Since an iterative method is useful only for finding a solution that is known to exist within a range, it is necessary to address the existence of the solution separately. The existence of the solution is related to the condition for physically allowed solutions. Since the effects of the correction terms are not large, the solution behaviors for Eqs. (19) and (20) are not likely to deviate much from those for the α-equations, namely, Eqs. (21)–(23) (also see Fig. 2). Thus, it is reasonable to apply the same α-criteria of Eqs. (21)–(23) in order to constrain the existence of physically allowed solutions for Eqs. (19) and (20). In our iterative method, we set up a reasonably wide range of mass and radius, M = 1.5 ± 1.0 M_⊙ and R = 15 ± 5 km, within which the initial guess for (M, R) is randomly selected. If the randomly selected (M, R) satisfies the α-criterion, we use this value of (M, R) as the initial guess of the iteration method. Otherwise, we move onto the next set of (M, R) which is also randomly generated within the same range of M and R. We conclude that there is no physically allowed solution when we do not find any α(M, R) that satisfies the α-criterion even if we search across a significantly large range of M and R with a significantly large (random) sampling number. We test and confirm the validity of our method to “identify unphysical solutions” by trying a wider range of mass and radius as well as by increasing the number of random sampling (n_rs) for the case where there is no solution. For the results presented in this work, we use n_rs = 1000 within the aforementioned range of M and R. We also confirm that the initial guess of (M, R) which satisfies the α-criterion always results in physically allowed solutions, which implies (or confirms self-consistently) that the effects of the correction terms are not large. We note that we apply the causality limit to the random sampling of (M, R), that is, the range of (M, R) is also limited with β < 1/2.94. For the entire scope of MC simulations, we carried out 10⁶ realizations for each case (with three fixed values of X and h, respectively, for each source) to produce α^* and γ^*. For each case with the fixed value of X and h, the sampling is taken from the distributions of F_TD, ∞, A, D, f_NS, and f_c. However, in the results which show the statistics for probable M and R, we exclude the events that do not have physically meaningful solutions from the statistical counting.
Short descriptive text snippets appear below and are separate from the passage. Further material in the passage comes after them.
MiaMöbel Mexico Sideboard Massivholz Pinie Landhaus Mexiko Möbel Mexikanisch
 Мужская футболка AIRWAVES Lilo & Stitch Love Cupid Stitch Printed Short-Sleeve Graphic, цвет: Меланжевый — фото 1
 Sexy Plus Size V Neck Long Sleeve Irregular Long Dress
2.3. Method 2: Bayesian analysis

We also investigate the effects of the chemical composition and the touchdown radius by conducting a Bayesian analysis. Our calculation method is similar to that of the previous study in Özel et al. (2016) but we include a new model parameter, h, which determines the touchdown radius. Here, we briefly describe the Bayesian method we used. We refer to Özel et al. (2016) for more details of the Bayesian analysis used for the mass and radius estimation.

Our Bayesian analysis was done on two measured quantities: apparent angular size (A) and touchdown flux (F_TD, ∞), with several model parameters: radius (R) and mass (M) of a neutron star, distance (D), spin frequency (f_NS), color correction factor (f_c), hydrogen mass fraction of the photosphere (X), and h for the touchdown radius (h = 2R/r_ph). From Bayes’ theorem, the posterior probability distribution P(θ|data) of the parameter set θ = {R, M, D, f_NS, f_c, X, h} on the given measured data (F_TD, ∞, A) is expressed as:

$$\begin{array}{c}\hfill P(\mathit{\theta }|\mathrm{data})=\frac{P(\mathrm{data}|\mathit{\theta })P(\mathit{\theta })}{P(\mathrm{data})},\end{array}$$(28)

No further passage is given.